Multi-Target Federated Backdoor Attack Based on Feature Aggregation
Lingguag Hao, Kuangrong Hao, Bing Wei, Xue-song Tang
TL;DR
This work targets federated backdoor security by addressing limitations of patch-based triggers through Multi-Target Federated Backdoor Attack (MT-FBA) which uses image-aligned triggers bounded by an $\epsilon$-ball and fuses local backdoor features across compromised clients via intra-class training. The method enables simultaneous generation of backdoors for all target classes and demonstrates a zero-shot capability, wherein backdoor triggers learned during near-convergence can activate the global model during inference with high success rates. Theoretical convergence analysis supports the training procedure, and extensive experiments on CIFAR10, MNIST, and Mini-ImageNet show MT-FBA outperforms patch-based methods under state-of-the-art defenses like FLAME, while maintaining main-task accuracy. The findings reveal significant security implications for federated systems and motivate future work on defense strategies and model-agnostic zero-shot backdoor attacks.
Abstract
Current federated backdoor attacks focus on collaboratively training backdoor triggers, where multiple compromised clients train their local trigger patches and then merge them into a global trigger during the inference phase. However, these methods require careful design of the shape and position of trigger patches and lack the feature interactions between trigger patches during training, resulting in poor backdoor attack success rates.
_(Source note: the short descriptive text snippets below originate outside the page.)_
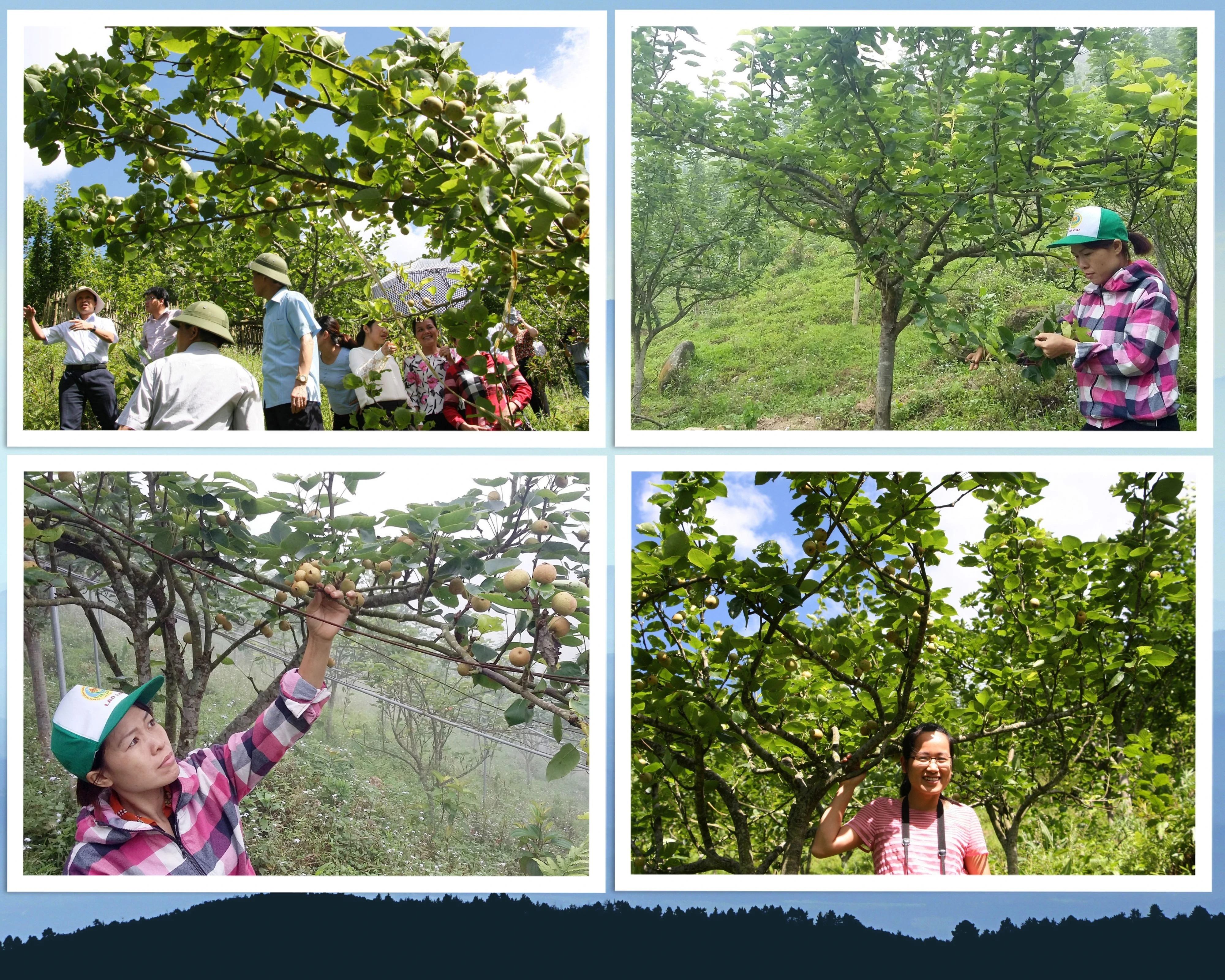 Cây lê VH 6 thôn Phìn Hồ từng có thời điểm sinh trưởng rất tốt (ảnh chụp năm 2016).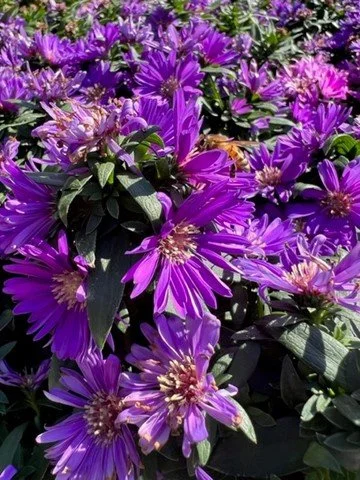 Asters 2.jpg
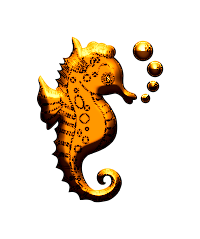Hippocampes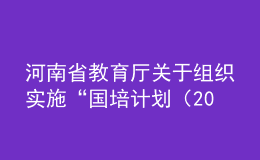 河南省教育廳關于組織實施“國培計劃（2020）” ——河南省中小學幼兒園教師培訓項目的通知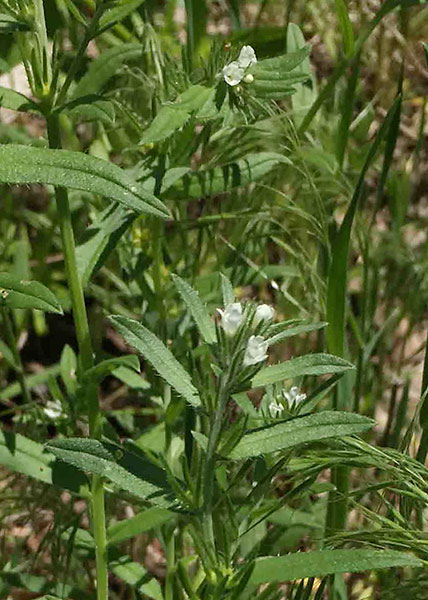 Corn gromwell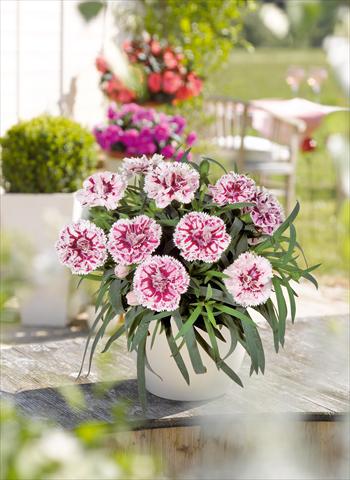 Foto de variedad de flores para ser usadas como: Tarrina de colgar / Maceta Dianthus caryophyllus SuperTrouper® Sissy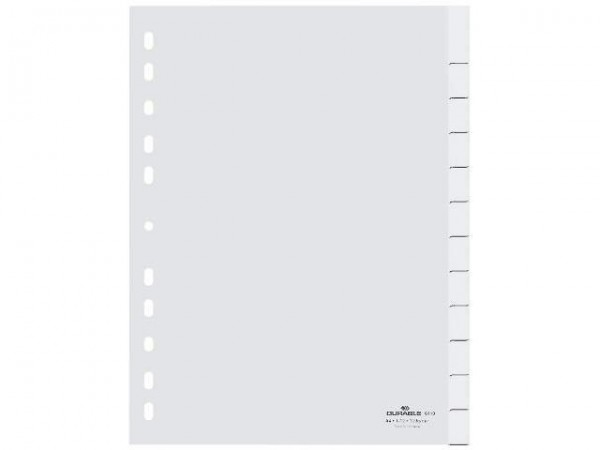 DURABLE blanko Register DIN A4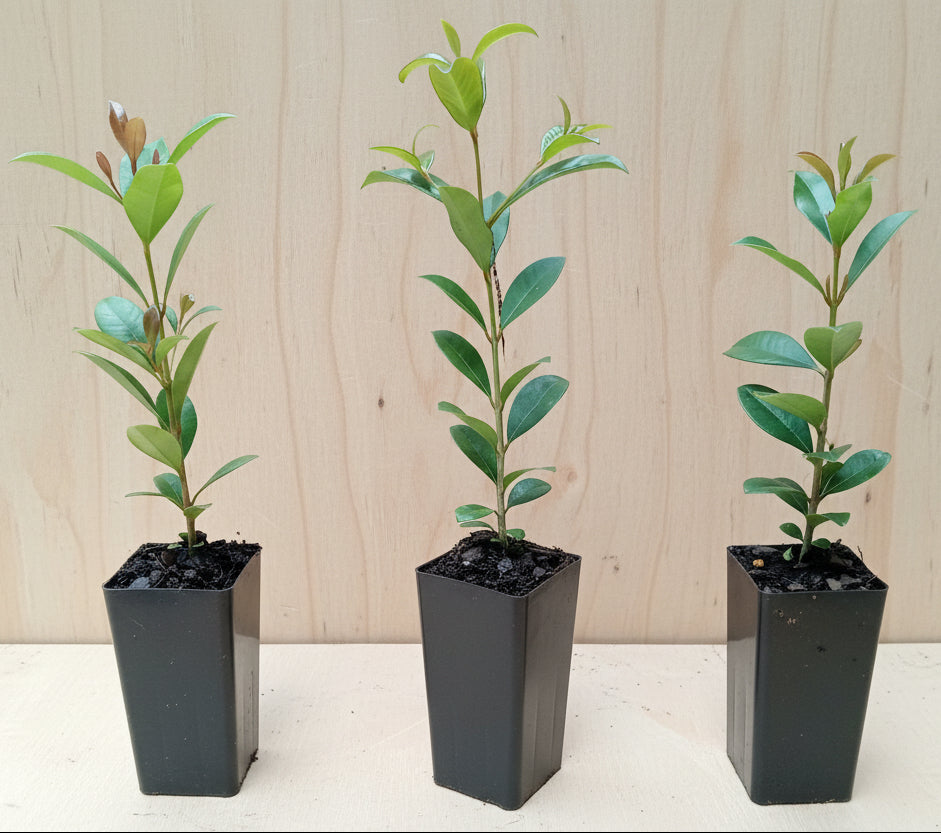 Young lilly pilly resilience tubestock plants of varying heights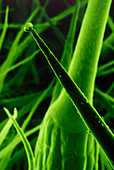Stinging hairs on stinging nettle leaf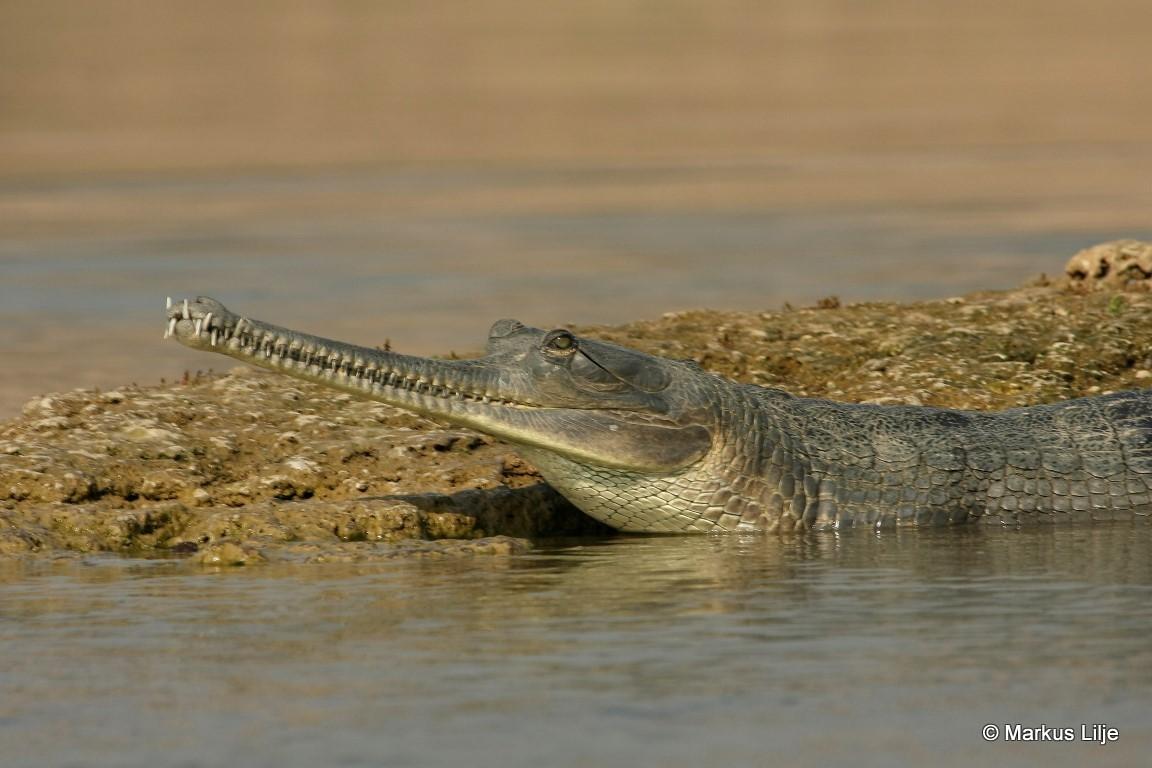 Biodiversity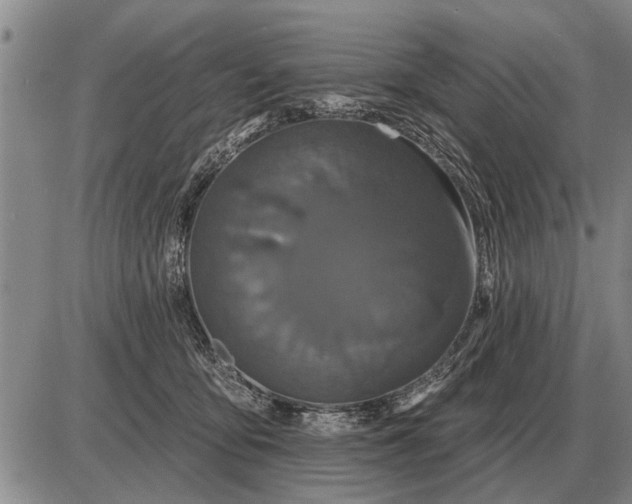 X0000085060419200703191330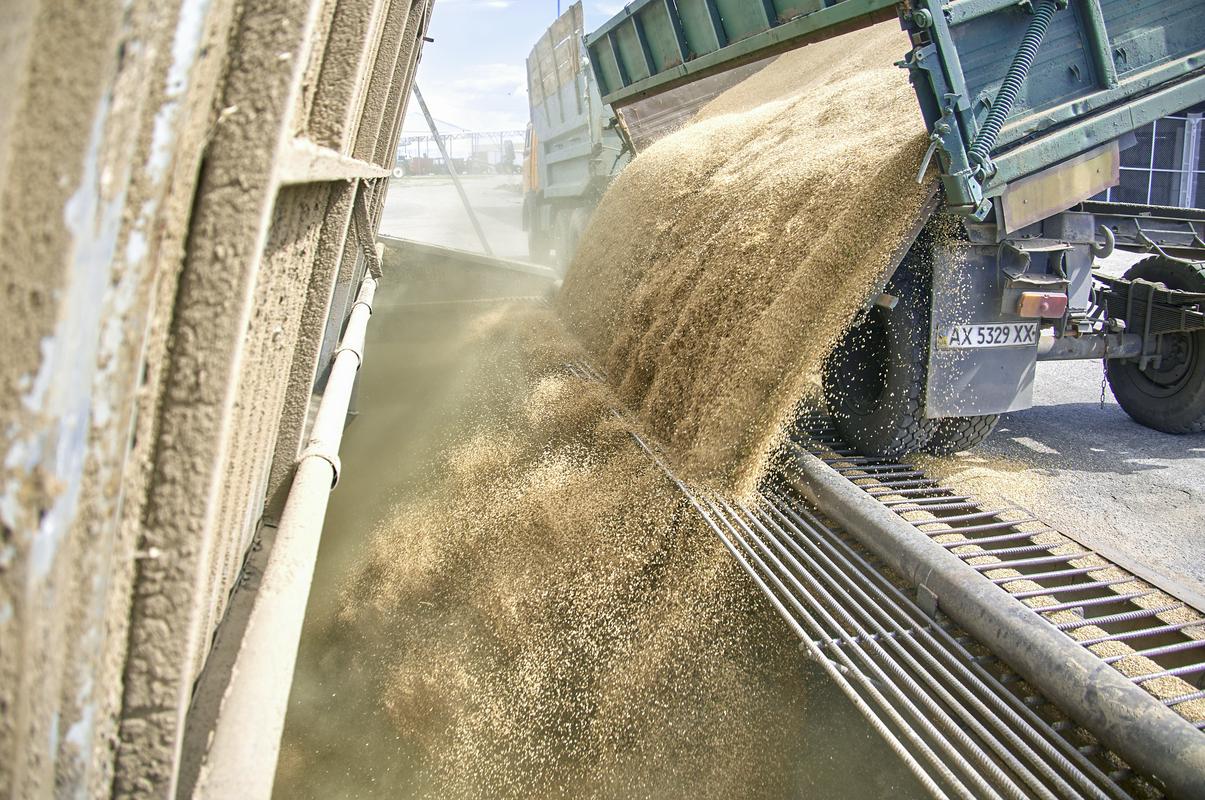 Ruska blokada pristanišč je prispevala k dvigu cen žita po svetu. Foto: EPA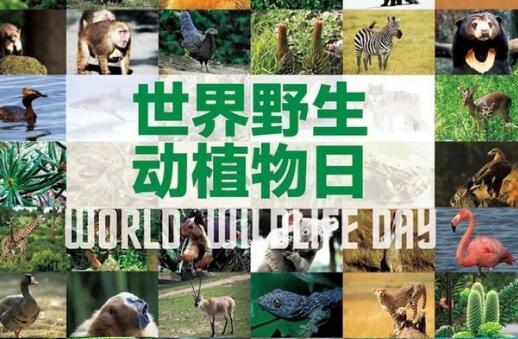 2020世界野生动植物日是哪一天？宣传标语是什么？附历届主题！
Moreover, the pixels of the patches remain untruncated, thereby making abrupt areas in backdoor examples easily detectable by the detection algorithm. To this end, we propose a novel benchmark for the federated backdoor attack based on feature aggregation. Specifically, we align the dimensions of triggers with images, delimit the trigger's pixel boundaries, and facilitate feature interaction among local triggers trained by each compromised client. Furthermore, leveraging the intra-class attack strategy, we propose the simultaneous generation of backdoor triggers for all target classes, significantly reducing the overall production time for triggers across all target classes and increasing the risk of the federated model being attacked. Experiments demonstrate that our method can not only bypass the detection of defense methods while patch-based methods fail, but also achieve a zero-shot backdoor attack with a success rate of 77.39%. To the best of our knowledge, our work is the first to implement such a zero-shot attack in federated learning. Finally, we evaluate attack performance by varying the trigger's training factors, including poison location, ratio, pixel bound, and trigger training duration (local epochs and communication rounds).